Ярость еще недолгое время была огнем, который грел и вел. Так я побывал снова в Москве, подумал, что создал свою человеческую молекулу (см. выше — при-меч. соавтора-Д), так я побывал в объятиях двух или трех любовниц (см. выше — примеч. соавтора-Д), почти уверился, что могу разбудить того же ведьмака-мужчину, который рос там двадцать семь лет, обязанный отыгрывать роль мужчины и не знающий, что и его участь — миновать и превратиться во что-то. Я даже успел выгнать еще одну женщину, предположил, что это некий новый паттерн, но нет, все это становилось прошлым, все это было остаточными спазмами, конвульсиями, нужными, чтобы отыскать новый росток.
Я поехал на восток, как и собирался, без плана, без идей, без ощущения полноты, хотя был полон. Нью-Йорк был влажным и душным: шел октябрь, я походя сделал предложение, чуть-чуть не женился, даже не заметил, как это помаячило и ушло. Походя потерял влюбленную в себя: показал ей случайно свое опустевшее нутро; там не было сердца — ей нечего было взять, нечего зажечь — она отшатнулась в изумлении.
Я побывал в Бостоне дважды, зимой и в наступающем летнем зное, Бостон — это пораженная мигренью умная голова Америки. Осознающая, что остальной континент вне уголка северо-восточного — тупой и пошлый и ей не напитать его смыслами и знанием. Страшный спазм сосредоточения сковывает город с первыми лучами солнца и не проходит с последними, минует только в черной ночной глубине, когда замирает последний гик. Люди ума несчастны — таково стойкое ощущение, — однако счастливы — таково стойкое убеждение, распространенное публичным искусством, — вот парадокс.

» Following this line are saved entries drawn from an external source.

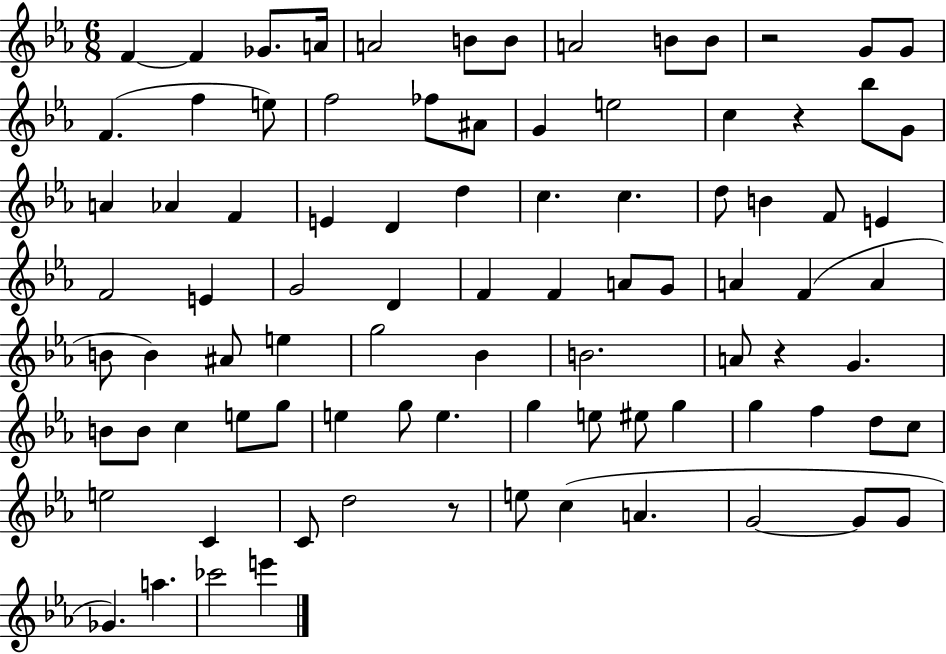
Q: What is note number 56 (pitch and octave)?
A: B4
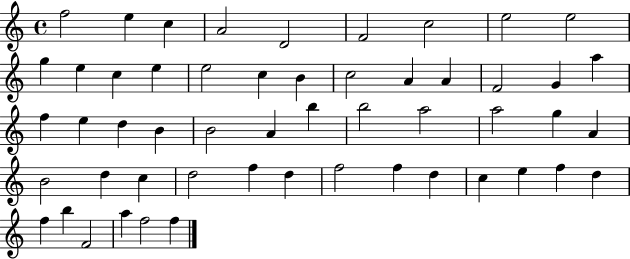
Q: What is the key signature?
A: C major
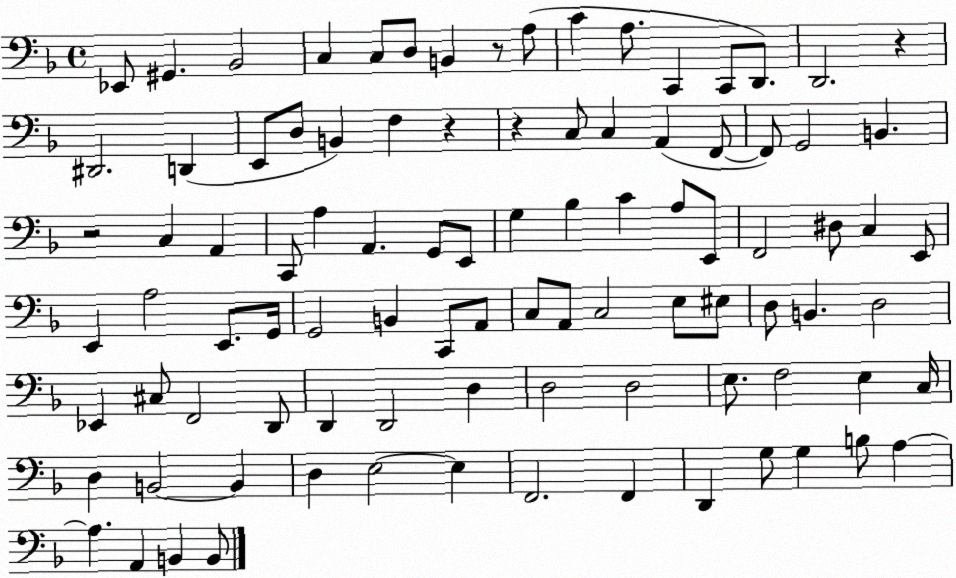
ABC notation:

X:1
T:Untitled
M:4/4
L:1/4
K:F
_E,,/2 ^G,, _B,,2 C, C,/2 D,/2 B,, z/2 A,/2 C A,/2 C,, C,,/2 D,,/2 D,,2 z ^D,,2 D,, E,,/2 D,/2 B,, F, z z C,/2 C, A,, F,,/2 F,,/2 G,,2 B,, z2 C, A,, C,,/2 A, A,, G,,/2 E,,/2 G, _B, C A,/2 E,,/2 F,,2 ^D,/2 C, E,,/2 E,, A,2 E,,/2 G,,/4 G,,2 B,, C,,/2 A,,/2 C,/2 A,,/2 C,2 E,/2 ^E,/2 D,/2 B,, D,2 _E,, ^C,/2 F,,2 D,,/2 D,, D,,2 D, D,2 D,2 E,/2 F,2 E, C,/4 D, B,,2 B,, D, E,2 E, F,,2 F,, D,, G,/2 G, B,/2 A, A, A,, B,, B,,/2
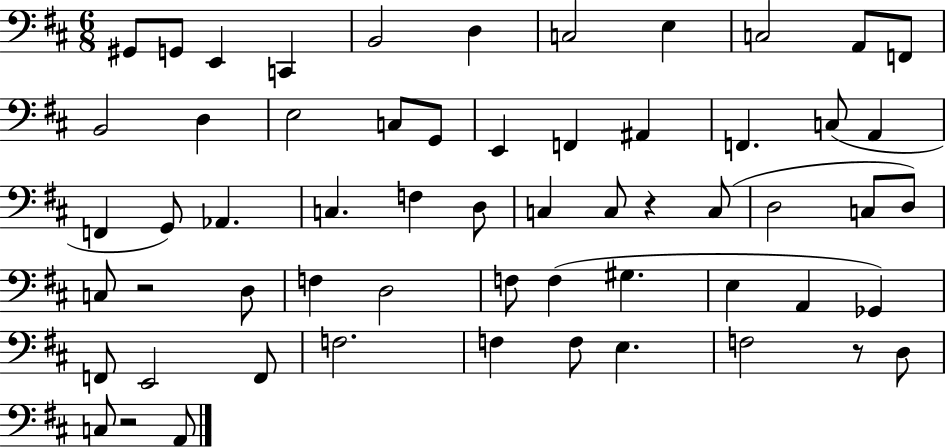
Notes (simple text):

G#2/e G2/e E2/q C2/q B2/h D3/q C3/h E3/q C3/h A2/e F2/e B2/h D3/q E3/h C3/e G2/e E2/q F2/q A#2/q F2/q. C3/e A2/q F2/q G2/e Ab2/q. C3/q. F3/q D3/e C3/q C3/e R/q C3/e D3/h C3/e D3/e C3/e R/h D3/e F3/q D3/h F3/e F3/q G#3/q. E3/q A2/q Gb2/q F2/e E2/h F2/e F3/h. F3/q F3/e E3/q. F3/h R/e D3/e C3/e R/h A2/e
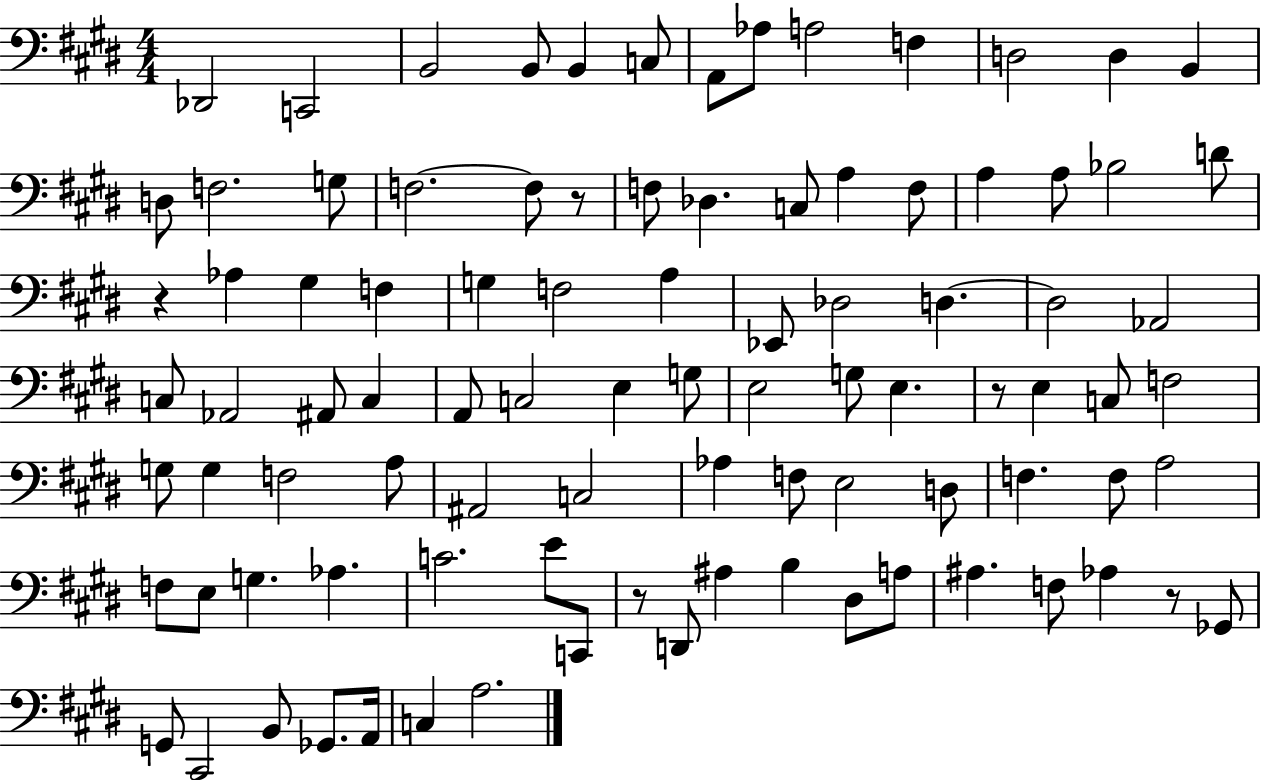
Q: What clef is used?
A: bass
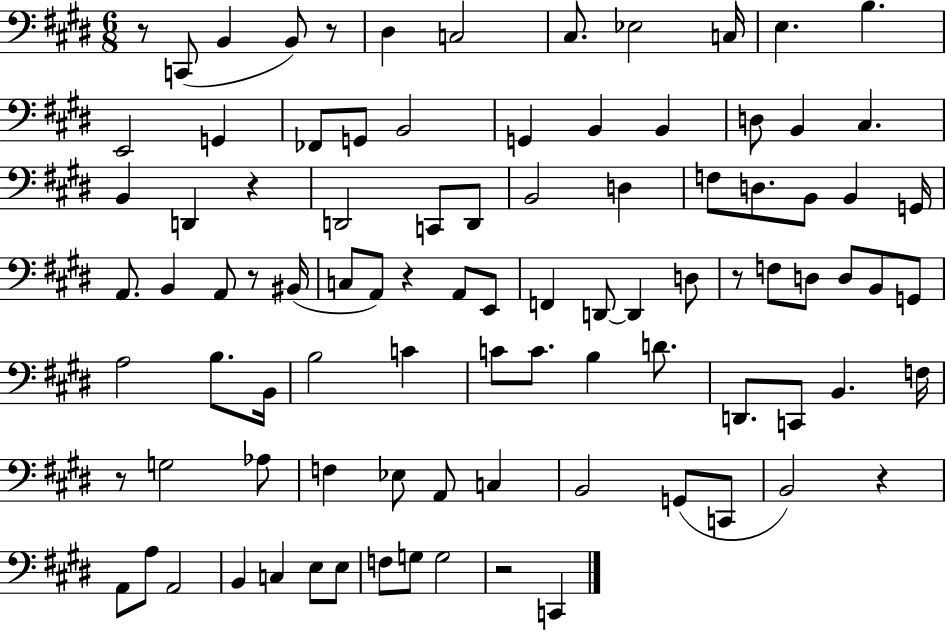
{
  \clef bass
  \numericTimeSignature
  \time 6/8
  \key e \major
  r8 c,8( b,4 b,8) r8 | dis4 c2 | cis8. ees2 c16 | e4. b4. | \break e,2 g,4 | fes,8 g,8 b,2 | g,4 b,4 b,4 | d8 b,4 cis4. | \break b,4 d,4 r4 | d,2 c,8 d,8 | b,2 d4 | f8 d8. b,8 b,4 g,16 | \break a,8. b,4 a,8 r8 bis,16( | c8 a,8) r4 a,8 e,8 | f,4 d,8~~ d,4 d8 | r8 f8 d8 d8 b,8 g,8 | \break a2 b8. b,16 | b2 c'4 | c'8 c'8. b4 d'8. | d,8. c,8 b,4. f16 | \break r8 g2 aes8 | f4 ees8 a,8 c4 | b,2 g,8( c,8 | b,2) r4 | \break a,8 a8 a,2 | b,4 c4 e8 e8 | f8 g8 g2 | r2 c,4 | \break \bar "|."
}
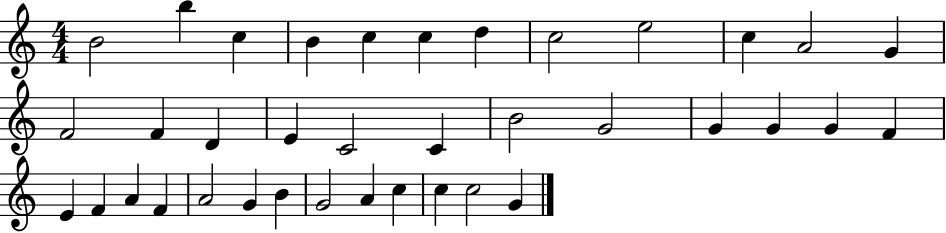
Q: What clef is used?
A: treble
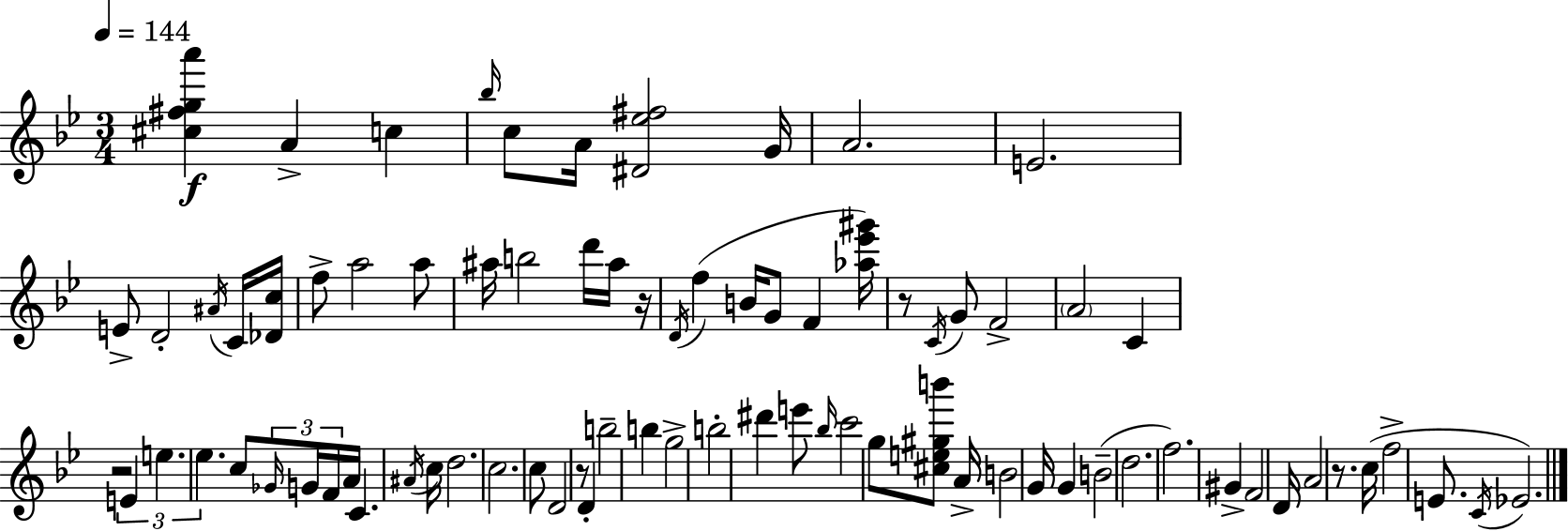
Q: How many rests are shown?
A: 5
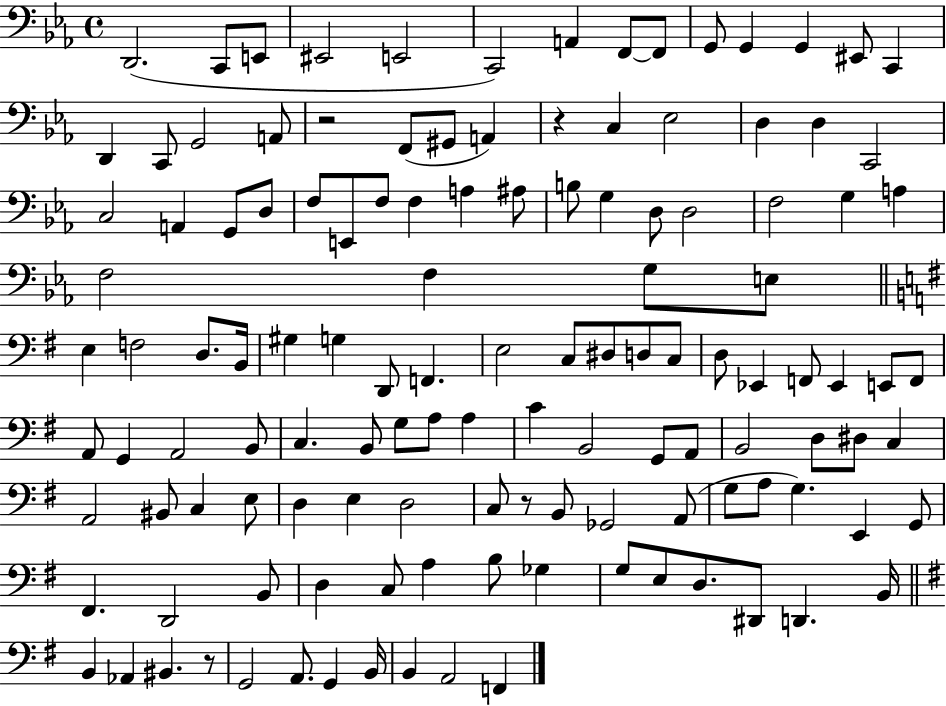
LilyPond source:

{
  \clef bass
  \time 4/4
  \defaultTimeSignature
  \key ees \major
  \repeat volta 2 { d,2.( c,8 e,8 | eis,2 e,2 | c,2) a,4 f,8~~ f,8 | g,8 g,4 g,4 eis,8 c,4 | \break d,4 c,8 g,2 a,8 | r2 f,8( gis,8 a,4) | r4 c4 ees2 | d4 d4 c,2 | \break c2 a,4 g,8 d8 | f8 e,8 f8 f4 a4 ais8 | b8 g4 d8 d2 | f2 g4 a4 | \break f2 f4 g8 e8 | \bar "||" \break \key g \major e4 f2 d8. b,16 | gis4 g4 d,8 f,4. | e2 c8 dis8 d8 c8 | d8 ees,4 f,8 ees,4 e,8 f,8 | \break a,8 g,4 a,2 b,8 | c4. b,8 g8 a8 a4 | c'4 b,2 g,8 a,8 | b,2 d8 dis8 c4 | \break a,2 bis,8 c4 e8 | d4 e4 d2 | c8 r8 b,8 ges,2 a,8( | g8 a8 g4.) e,4 g,8 | \break fis,4. d,2 b,8 | d4 c8 a4 b8 ges4 | g8 e8 d8. dis,8 d,4. b,16 | \bar "||" \break \key e \minor b,4 aes,4 bis,4. r8 | g,2 a,8. g,4 b,16 | b,4 a,2 f,4 | } \bar "|."
}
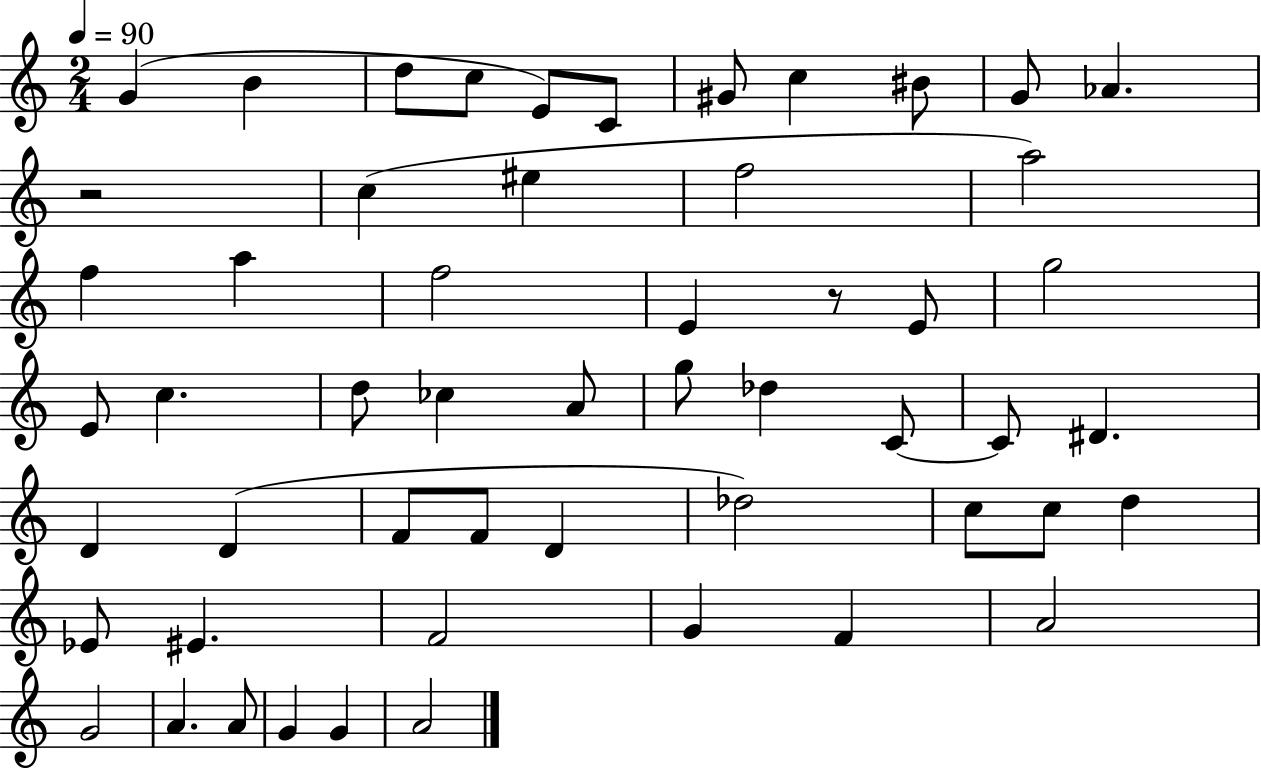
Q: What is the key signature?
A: C major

Чтобы не рисковать впадением в суеверие, купил я карты Таро в центре самого башковитого города штатов, на рынке эзотерики. На риск надо идти с открытым забралом, и раз я стал допускать возможность волшебства, уничтожить ее следовало прямым контактом. На рынке не было разлито веры, и меж высокомерных лиц торжествовал ум. Я пришел на выставку в торговый центр, где все уж давно разуверились в искусстве, которое выставляется, но поскольку аренда давно оплачена и поскольку в альманахе событий внесен с позапрошлого сезона этот не нужный никому балаган, он будет длиться.
Словно не платил за них — стремительно выбежал со своими новенькими картами наружу, в цветущий маем сквер, поглядел на сочную первую зелень. Семьдесят восемь новеньких карт, отражающих солнце, отражающих то, во что нельзя верить — что будто бы распространен по миру некий ток, тоже золотой, а может быть, невидимый, бесцветный, безымянный, умеющий связывать знания и завязывать их в сложные клубки, обращающиеся в страсть, порывы и трудные состояния, замедляющие или ускоряющие превращения людей.
Все еще не верующий, я нахмурился, как если бы стоял перед храмовой иконой, которую долг велит поцеловать, но, исцелованная грязными губами, она не вызывает ничего, кроме брезгливости и кислого эстетического восхищения, я начал вытаскивать наугад карточки, крутить их и прислушиваться. Оказывается, интуиция ведьмачья не была совершенно мертва: некоторые старые законы из старых жизней она протащила, и я, незаметно для собственного горделивого ума, знал им применение; я был, в конце концов, не обученным профессиональному письму, учился в бою; я был гномом-копателем, который посреди тяжелой, беспросветной осени, обещавшей скудный урожай и неизбежный голод, узнал, что на его поле есть маленький клад, но людям, увы, ни по соседству, ни даже в отдаленном имперском городе — нигде не нужны те монеты, которые он выкопает, если доведется удаче снизойти.